Programming as Literature

Sometimes I’m not sure how to explain what I study or why I study it. I tell people that I study theoretical computer science, or algorithms and programming languages, or math and computer science, and if they ask why? Let’s come back to that. First I want to talk about literacy.

Literacy is about being able to understand the recorded thoughts of other people, and being able to share your own in a permanent medium. There are beautiful oral traditions, but most stories, much of human knowledge, is written down. Literacy allows one to tap into that sea of knowledge. In many ways, libraries are one of humanity’s greatest achievements; that one can walk into a building that contains the thoughts and discoveries of thousands of people, stretching back hundreds or thousands of years (and as long as you aren’t at an exclusive university, you can often access that information for free). Some knowledge is certainly more accessible than other knowledge, and languages of course complicate things, but the essential element of literacy is both the perception of the world around you and the ability to describe it and share that with others. We must be able to understand the thoughts of others and formulate our own so that others can understand them.

The broader and perhaps more important aspect of literacy is that it allows you to contextualize your own life and perceptions in relation to others. In writing, you turn your own lived experience into something you can share. In reading, you realize that others have lived experiences that are in some ways similar and in others different from your own. In many ways, literacy is broader than reading and writing, it is rather about developing perspective on your own life and understanding of the lives of others. I can remember as a small child looking up at an airplane and realizing for the first time that there were people inside of it, in the middle of their own lives, with their own thoughts, hopes, dreams. For the first time I had an empathetic sense that I was not the center of the world (Descartes be damned).

Now, you may be asking, with good reason, what does this have to do with computer science? I want to argue that one of the primary mediums of our lives is now something that most of us do not have literacy in. We communicate with one another with email, websites, cell phones, etc. We learn information by pushing a button on a piece of electronics that displays pictures to us that change as we touch them or use devices attached to it. Traffic lights and airline schedules are planned with computers, cars run with them, watches, microwave ovens. Most things we plug in or have batteries have computers in them. Much of our lives are carried out using computers that we don’t have more than a surface empirical understanding of. Now there have always been things that individuals don’t understand. Tax codes, foreign languages, specifics of geography, etc.

But there are a couple interesting things about computers that distinguish them. The first is that they are all essentially the same. There is an underlying similarity between all computers, and indeed even among all possible devices that can compute. This means that it actually is possible to learn about all of these things.

The second is that they are primarily designed as a way for humans to express their thoughts.
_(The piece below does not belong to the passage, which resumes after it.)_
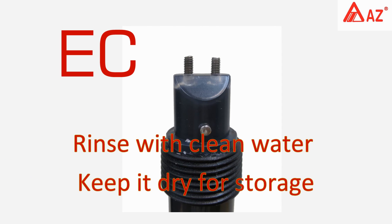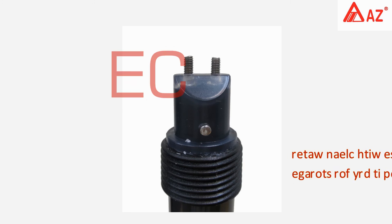For the conductivity probe, rinse with clean water, then wipe dry and keep it dry for storage.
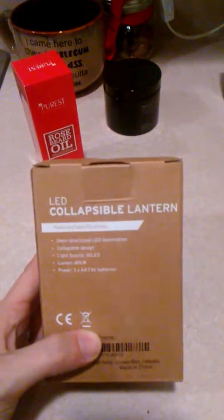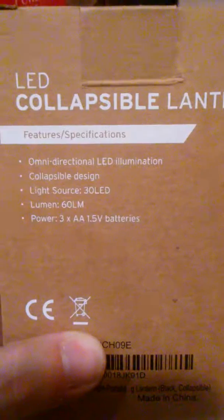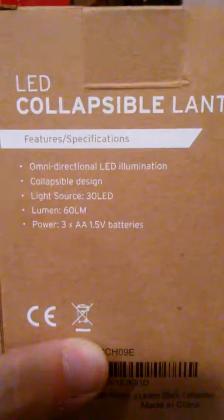Hey everyone! Today we're going to review the Collapsible LED Lantern. It takes three AA batteries, which it comes with, and the light source is 30 LEDs and it collapses, so this is going to be neat.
We don’t think about computers in this sense very much, but it is what distinguishes them from most other machines - they are used so that one person can express how to do something and share it with others. They are a medium for talking about solving problems. The breadth of such problems that they can express is visible by looking at all the places that they are used now - and imagine, this is with only a small minority of the population thinking up ways to use them!

There is a third dimension that is similarly interesting, and talked about more, which is that they are a way to expand our own mental capacities - if I am confronted with a task of sorting a few hundred (or thousand) documents, I can do it by hand, or, if I know how, I can write a program to do it and get a computer to carry out the work of sorting (and if I wanted the computer to do this sorting every day for the next year, I wouldn’t have to do any more work). What this means is that not only are they a way for me to share my ideas of how to solve a problem, they are also a way to automate that very problem solving.

What is interesting and sad is that while the posession of computers is expanding rapidly, the knowledge of how to truly use them is not. People are sold devices that allow them to perform a set number of functions (all of which are simply repetitions of thoughts by the people working at the company who sold them the device), but they are not given the tools to express their own thoughts, to expand their own mental capacity in any way other than that already thought of by someone else. We have expanded the medium without expanding literacy. And indeed, there is a financial explanation for this. It’s hard to sell knowledge when people can create it themselves. Many technological “innovations” these days are trivial combinations of earlier ideas which would be unnecessary if people were able to carry out those kinds of compositions themselves.

So why am I interested in computer science? I’m interested in it because I am interested in human thought. I am interested in how people solve problems, and seeing problems that others have solved. I am interesting in teaching people how to express themselves in this medium, and learning it myself. I study programming as literature, to read, to write, to share. I study it to figure out the world we live in, and imagine how else it could be.